Najlepszym zawodnikiem spotkania w drużynie gospodarzy był Luke Becker z 15 punktami. Wśród Cellfast Wilków Krosno, najlepszy wynik osiągnął Tobiasz Musielak z 13 punktami. Dobry debiut zaliczył również junior Piotr Świercz. Zwycięstwo w Ostrowie to znakomity początek sezonu dla Cellfast Wilków Krosno, zapowiadający emocjonującą rywalizację w dalszej części rozgrywek.
Wypowiedzi:
- Odnieśliśmy dzisiaj zwycięstwo. Cała drużyna pracowała, by zbierać punkty. Pomagaliśmy sobie nawzajem. Wykonaliśmy robotę, zrealizowaliśmy to, co mieliśmy. Nie byliśmy na przegranej pozycji – każdy dołożył swoje punkty i to było najważniejsze. Jeśli ktoś inny nie dowiózł punktów, to drugi to nadrobił. Jest dobrze – za tydzień czeka nas kolejny mecz. Pracujemy dalej – powiedział po meczu Świercz, który zdobył w inauguracyjnym spotkaniu sezonu 2025 Metalkas 2. Ekstraligi 5 punktów z bonusem.
– Pierwszy wyścig w wykonaniu Piotra był trochę wolny, sztywny, ale późniejsze biegi były już bardzo dobre – ocenił Świderski, dodając, że jest bardzo usatysfakcjonowany końcowym rezultatem osiągniętym przez swoich podopiecznych.

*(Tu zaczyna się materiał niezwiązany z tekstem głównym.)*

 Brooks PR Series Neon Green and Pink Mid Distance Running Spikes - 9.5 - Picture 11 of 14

– Trudno nie być zadowolonym z wygranego meczu na wyjeździe. Cieszymy się ze zwycięstwa, choć łatwo nie było. Zacięte spotkanie, dobry początek drużyny miejscowej, ale końcówka należała do nas. To początek sezonu. Wszystko dopiero się rozkręca – przyznał główny szkoleniowiec Watahy.

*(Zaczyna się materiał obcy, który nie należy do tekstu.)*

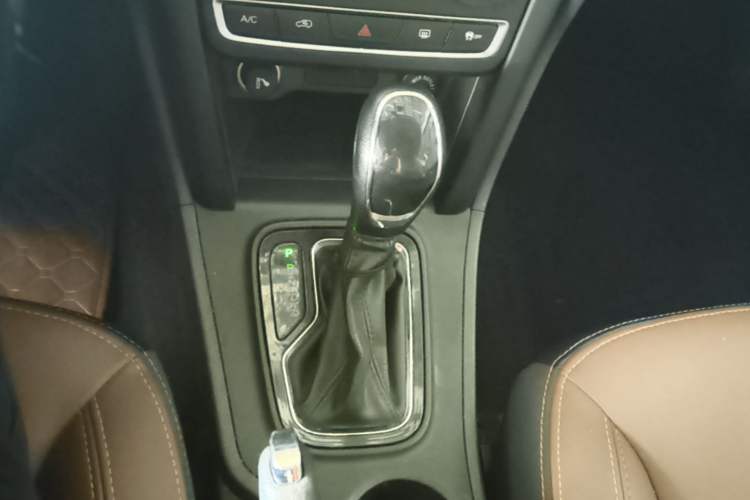 Used Chery Tiggo 3 2018 1.6L CVT Million Global Edition Gear Lever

– Wracamy zadowoleni z Ostrowa. Przed tym spotkaniem wiedzieliśmy, że jest to dla nas bardzo istotny mecz. Ostrowski tor jest takim torem, gdzie kluczowe jest znalezienie prędkości w motocyklach. Pierwsza seria była dla nas nieudana, dlatego bardzo gratuluję zespołowi, że po niej podjęliśmy dobre decyzje i z biegu na bieg sytuacja wyglądała coraz lepiej. W ostatecznym rozrachunku pozwoliło nam to wygrać spotkanie. Dwa zdobyte „duże” punkty są niezwykle ważne dla naszej drużyny – podsumował niedzielny mecz i zdobycz wywiezioną z Ostrowa menedżer Cellfast Wilków, Michał Finfa.